Pembelajaran penting kembali dipetik dari peristiwa Mobil Tertemper KRL di Karet Jakpus ini. Pihak KAI Commuter tak jemu-jemu mengimbau kepada seluruh masyarakat dan pengguna jalan raya untuk senantiasa meningkatkan kesadaran dan disiplin tinggi saat melintasi lintasan sebidang kereta api. Leza Arlan menegaskan bahwa kendaraan jalan raya wajib hukumnya mendahulukan perjalanan kereta api yang hendak melintas. Ketentuan ini bukan sekadar imbauan moral, melainkan mandat hukum baku yang tertuang dalam Undang-Undang Nomor 22 Tahun 2009 tentang Lalu Lintas dan Angkutan Jalan (UU LLAJ).
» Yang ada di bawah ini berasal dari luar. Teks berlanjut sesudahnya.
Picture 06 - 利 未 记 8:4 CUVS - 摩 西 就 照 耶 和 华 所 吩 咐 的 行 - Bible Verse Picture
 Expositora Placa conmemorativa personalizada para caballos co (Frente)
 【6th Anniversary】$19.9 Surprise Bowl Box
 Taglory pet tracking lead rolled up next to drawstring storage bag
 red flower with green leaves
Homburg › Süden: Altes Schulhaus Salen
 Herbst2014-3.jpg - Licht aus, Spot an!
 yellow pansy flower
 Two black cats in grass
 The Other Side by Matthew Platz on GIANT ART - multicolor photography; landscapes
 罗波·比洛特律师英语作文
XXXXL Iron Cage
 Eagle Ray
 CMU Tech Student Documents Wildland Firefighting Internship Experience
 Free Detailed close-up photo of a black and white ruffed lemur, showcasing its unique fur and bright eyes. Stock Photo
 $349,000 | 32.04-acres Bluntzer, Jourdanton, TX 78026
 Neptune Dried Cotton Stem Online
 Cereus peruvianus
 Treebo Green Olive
Secara teknis, pergerakan kereta api memiliki karakteristik fisik khusus di mana kereta membutuhkan jarak pengereman yang sangat jauh untuk dapat berhenti sempurna. Bobot tonase kereta yang mencapai ratusan ton tidak memungkinkan masinis melakukan pengereman mendadak dalam jarak pendek layaknya sepeda motor atau mobil. Oleh sebab itu, ketika sirine perlintasan sudah berbunyi atau pintu palang mulai bergerak turun, pengemudi kendaraan bermotor wajib menghentikan kendaraannya di belakang garis stop dan menanti hingga rangkaian kereta benar-benar selesai melintas.

Kereta api melintas dekat permukiman padat penduduk dengan warga yang menyaksikan dari dekat

Selain faktor kedisiplinan individu, insiden ini juga menggarisbawahi urgensi pembenahan infrastruktur transportasi di kota-kota besar. Pembangunan fasilitas penyeberangan tidak sebidang seperti jalan layang (flyover) maupun terowongan bawah tanah (underpass) perlu terus diakselerasi di titik-titik rawan macet dan kecelakaan. Pengeliminasian perlintasan sebidang secara bertahap merupakan langkah jangka panjang yang paling ampuh untuk mencegah berulangnya kecelakaan serupa serta menjamin keselamatan jiwa warga negara di jalan raya.